(Items from a dataset)

┄┄┄┄┄┄┄┄┄┄┄┄┄┄┄┄┄┄┄┄

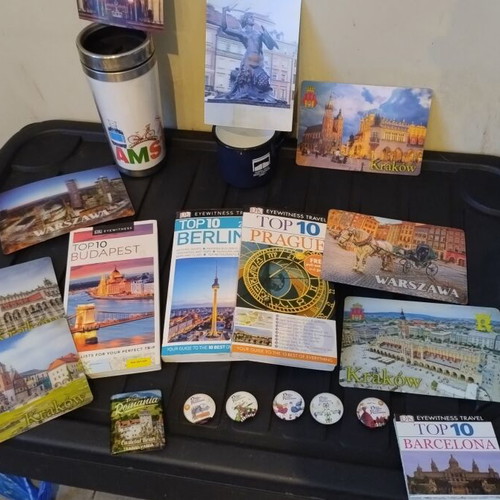 Travel memorabilia collection like new with books, magnets, cup, thermos, postcards, map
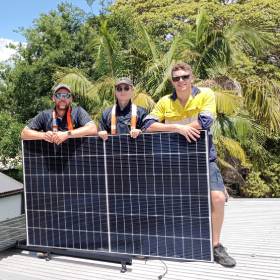 3 men standing on roof with solar panel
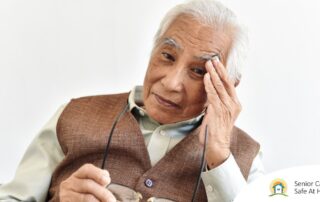 An older adult holds his head and his glasses representing vision problems like macular degeneration.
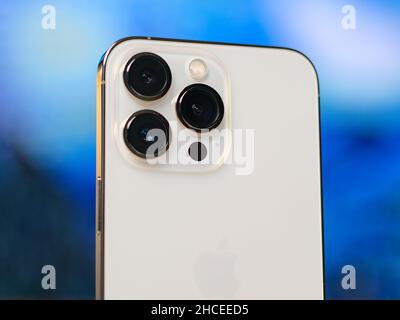 HCMC, Vietnam - August 19, 2021: View of new iPhone 13 or iPhone 13 Pro and Apple Airpods for editorial use Stock Photo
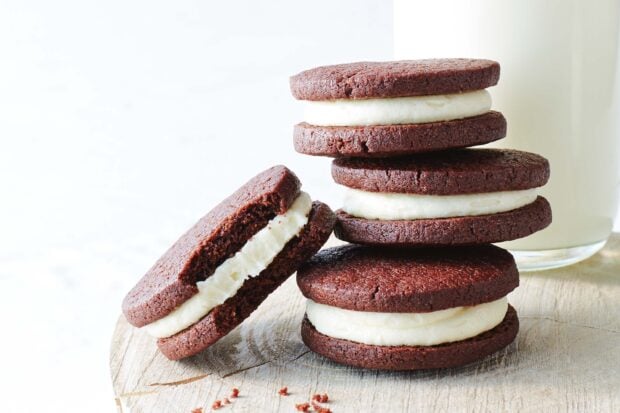 Cream filled biscuit stack on a wooden surface with a glass of milk in the background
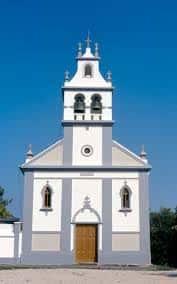Iglesia de Santa Marta con torre campanario y fachada blanca bajo cielo azul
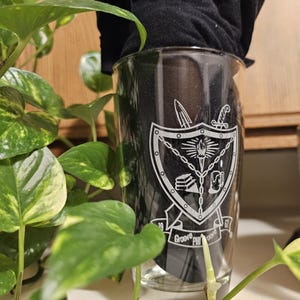 May include: A clear glass with a black graphic design featuring a shield, sword, and torch. The text "Groove Philosophy" is printed at the bottom. The glass is partially obscured by a black cloth and surrounded by green leafy plants.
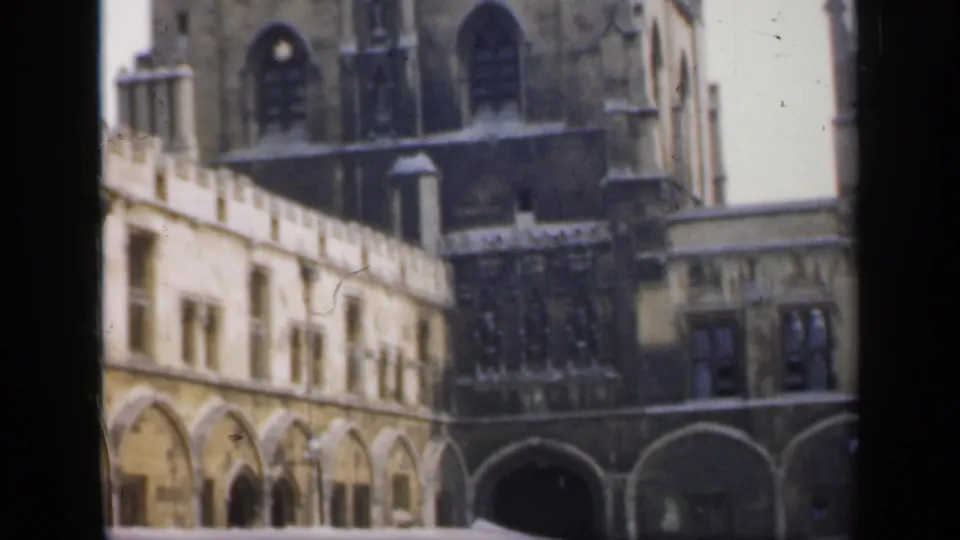 1949 England home-movie view of a stone courtyard with arcades, Gothic windows, and towers in the background.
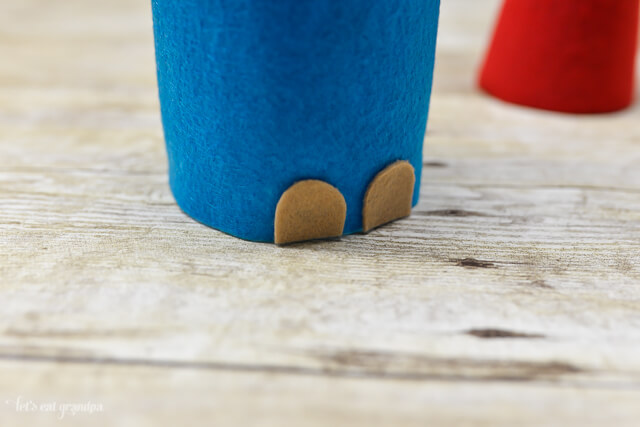 tan felt pieces on bottom of blue felt to make christmas gnome's feet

┄┄┄┄┄┄┄┄┄┄┄┄┄┄┄┄┄┄┄┄

- [What is required]:
Transcribe, word for word, the stretch of lines in the data above from the one with "Cream filled biscuit" through the one with "May include: A"; omit all pictures.

- [Response for this exercise]:
 Cream filled biscuit stack on a wooden surface with a glass of milk in the background
Iglesia de Santa Marta con torre campanario y fachada blanca bajo cielo azul
 May include: A clear glass with a black graphic design featuring a shield, sword, and torch. The text "Groove Philosophy" is printed at the bottom. The glass is partially obscured by a black cloth and surrounded by green leafy plants.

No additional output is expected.